Siamo richiestissimi.

In Italia facciamo sempre comodo a qualcuno per sputtanare quelli che nei movimenti antagonisti si battono pacificamente (pensa quanto sono coglioni) contro le mafie e le bande nascoste dietro le sigle Tav Torino-Lione, Expo Milano 2015, Mose, ecc.
Appena si muovono, arriviamo noi e sfasciamo tutto.
All’inizio era un secondo lavoro, ora è diventato il primo: abbiamo proprio una tessera-coupon con lo strappino da staccare di volta in volta.

E i capi dei No-Qualcosa ci lasciano fare.
Un po’ perché non hanno ancora capito che a noi non frega una beneamata cippa del Tav, di Expo, del Mose (veniamo da Belgio, Germania, di qua e di là e manco sappiamo che roba è, quella).
Un po’ perché non hanno ancora capito che noi lavoriamo contro di loro.
O, se l’hanno capito, fanno pippa perché hanno paura di noi, o perché gli facciamo comodo, li facciamo sentire importanti e temuti, con tutti quei titoli sui tg e i giornali.
Se sfilassero pacificamente, non se li filerebbe nessuno.
E la stampa parlerebbe d’altro: dei disoccupati che aumentano, delle bugie del governo sulla crescita, dell’Expo tutto calcinacci e cartongesso per nascondere i cantieri mai finiti, degli inquisiti candidati alle Regionali.

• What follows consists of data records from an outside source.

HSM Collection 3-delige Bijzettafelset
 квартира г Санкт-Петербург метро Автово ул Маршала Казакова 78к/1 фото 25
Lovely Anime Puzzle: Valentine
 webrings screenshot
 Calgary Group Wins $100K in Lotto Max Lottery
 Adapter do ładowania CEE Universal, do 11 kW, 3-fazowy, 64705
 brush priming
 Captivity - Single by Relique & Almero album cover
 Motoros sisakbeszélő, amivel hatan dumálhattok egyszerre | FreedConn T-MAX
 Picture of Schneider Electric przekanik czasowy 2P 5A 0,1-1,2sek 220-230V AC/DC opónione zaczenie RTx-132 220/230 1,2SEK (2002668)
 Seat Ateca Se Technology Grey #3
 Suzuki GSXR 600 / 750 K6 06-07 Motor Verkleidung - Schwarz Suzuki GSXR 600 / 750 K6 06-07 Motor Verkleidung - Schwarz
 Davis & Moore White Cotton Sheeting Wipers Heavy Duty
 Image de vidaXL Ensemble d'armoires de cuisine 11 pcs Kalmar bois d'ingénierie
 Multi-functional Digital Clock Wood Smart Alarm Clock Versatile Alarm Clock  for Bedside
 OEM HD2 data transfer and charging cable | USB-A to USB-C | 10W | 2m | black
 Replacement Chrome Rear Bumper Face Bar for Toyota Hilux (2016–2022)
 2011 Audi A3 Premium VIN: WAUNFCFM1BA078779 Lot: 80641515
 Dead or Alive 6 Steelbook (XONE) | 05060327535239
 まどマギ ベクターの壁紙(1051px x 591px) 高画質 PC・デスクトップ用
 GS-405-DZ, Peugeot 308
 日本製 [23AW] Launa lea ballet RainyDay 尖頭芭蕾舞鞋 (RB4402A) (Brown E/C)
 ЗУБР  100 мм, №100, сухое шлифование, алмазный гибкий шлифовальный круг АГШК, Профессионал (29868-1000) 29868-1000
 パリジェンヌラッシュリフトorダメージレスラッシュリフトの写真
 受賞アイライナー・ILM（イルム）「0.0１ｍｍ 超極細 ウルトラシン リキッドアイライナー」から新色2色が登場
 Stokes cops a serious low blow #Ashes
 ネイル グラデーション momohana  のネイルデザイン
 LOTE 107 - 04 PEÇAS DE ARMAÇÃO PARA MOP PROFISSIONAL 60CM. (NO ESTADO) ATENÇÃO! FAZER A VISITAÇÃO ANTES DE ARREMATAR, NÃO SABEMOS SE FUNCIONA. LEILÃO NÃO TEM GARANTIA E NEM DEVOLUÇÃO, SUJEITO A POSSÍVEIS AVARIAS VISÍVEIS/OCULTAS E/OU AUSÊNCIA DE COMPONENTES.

Noi siamo l’offerta a una domanda di mercato: facciamo comodo a tutti, al governo e agli antagonisti.
Non c’è neppure bisogno che ci chiamino: lo sappiamo noi quando serviamo, partiamo da soli senz’avvertire nessuno.
Tanto lo sanno tutti che arriviamo: gli antagonisti come il governo.
Scusate, ma che altro han mai fatto i servizi segreti italiani dagli anni 60 a oggi se non infiltrare i gruppi antigovernativi di destra e di sinistra?

Nel 1969 sapevano che i fascisti avrebbero piazzato la bomba in piazza Fontana, e gliela lasciarono piazzare.
Nel 1978 sapevano che le Br avrebbero rapito Moro, e glielo lasciarono rapire.
Nel 2001 sapevano che avremmo distrutto Genova, e ce la lasciarono distruggere.
È una tecnica vecchia come l’Italia: si chiama “destabilizzare per stabilizzare”.
E funziona ancora: dopo 50 anni, la “pista anarchica è un evergreen.
L’altroieri lo sapevano benissimo che avremmo fatto quei danni a Milano, e ce li hanno lasciati fare.

Non parlo dei poveri e ignari poliziotti da strada, mandati allo sbaraglio con l’ordine di non caricare (tant’è che sono riuscito a incendiarne uno così, en passant).

Parlo di chi, dietro e sopra di loro, sapeva da mesi del nostro arrivo, e l’ha pure fatto scrivere dai giornali e dire dai tg per fare bella figura, poi ci ha spianato la strada come sempre.
Con la differenza che con Berlusconi l’ordine era di menare qualcuno purchessia, a caso (esclusi noi, ci mancherebbe).

Ora invece, dopo la sentenza di Strasburgo sulle torture alla Diaz, la consegna è non menare più nessuno: prenderle e basta. Così poi le vostre solite teste di Twitter possono dare la colpa a Fedez (un rapper mandante nostro? Uahahahahah).
E quel genio di Alfano può dire: “abbiamo evitato il peggio”.
Ma come si permette di svilire così il nostro onesto lavoro?
Che si aspettava, i bombardamenti di Dresda?
Comunque, messaggio recepito: al prossimo grande evento, faremo meglio.